Exercise data section start
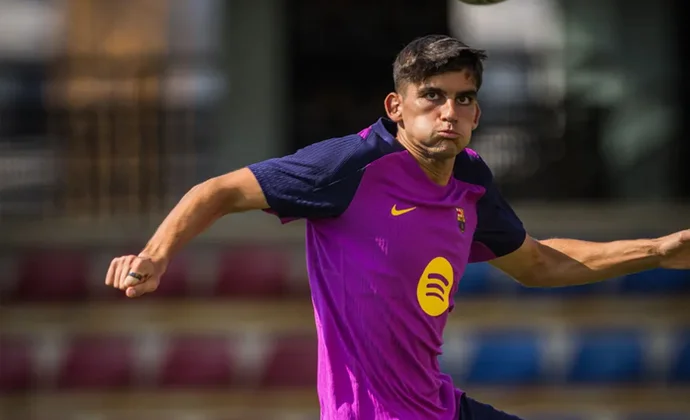 Sesión sin contratiempos del jueves mientras el club trabaja en la inscripción de Gerard Martín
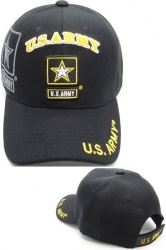 View Buying Options For The U.S. Army Star Arch Text Shadow Mens Cap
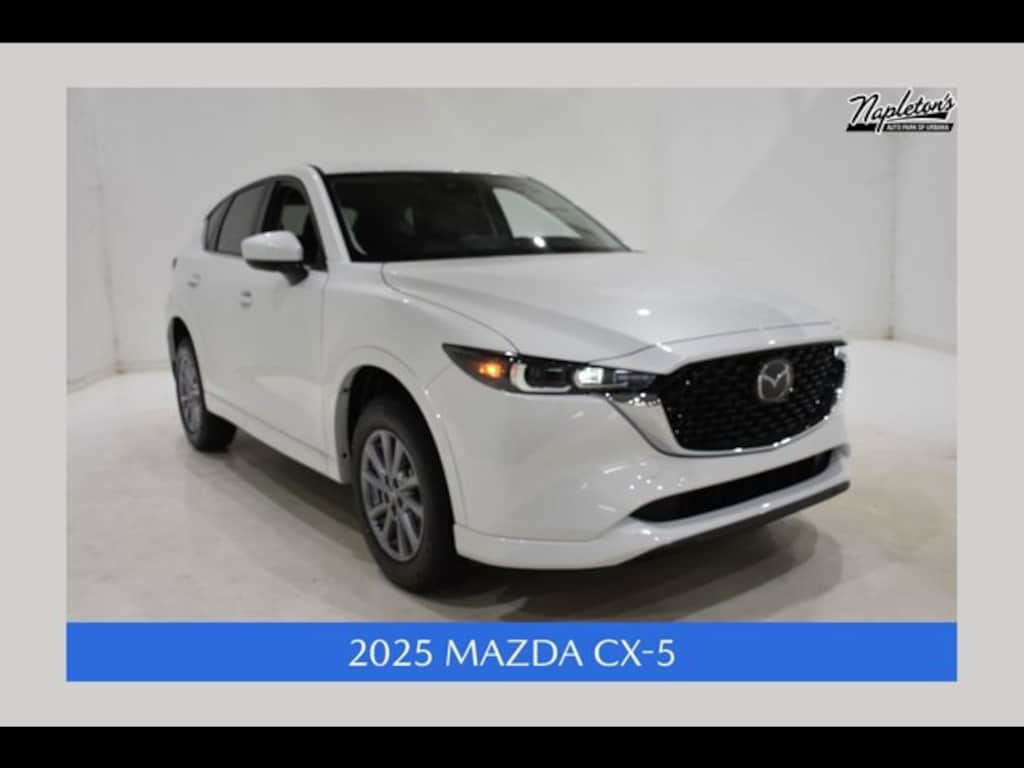 New 2025 Mazda CX-5 2.5 S Select AWD Sport Utility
Exercise data section end
Exercise prompt>
Set down all the lines above exactly as they appear, with no pictures.

Answer area>
 Sesión sin contratiempos del jueves mientras el club trabaja en la inscripción de Gerard Martín
 View Buying Options For The U.S. Army Star Arch Text Shadow Mens Cap
 New 2025 Mazda CX-5 2.5 S Select AWD Sport Utility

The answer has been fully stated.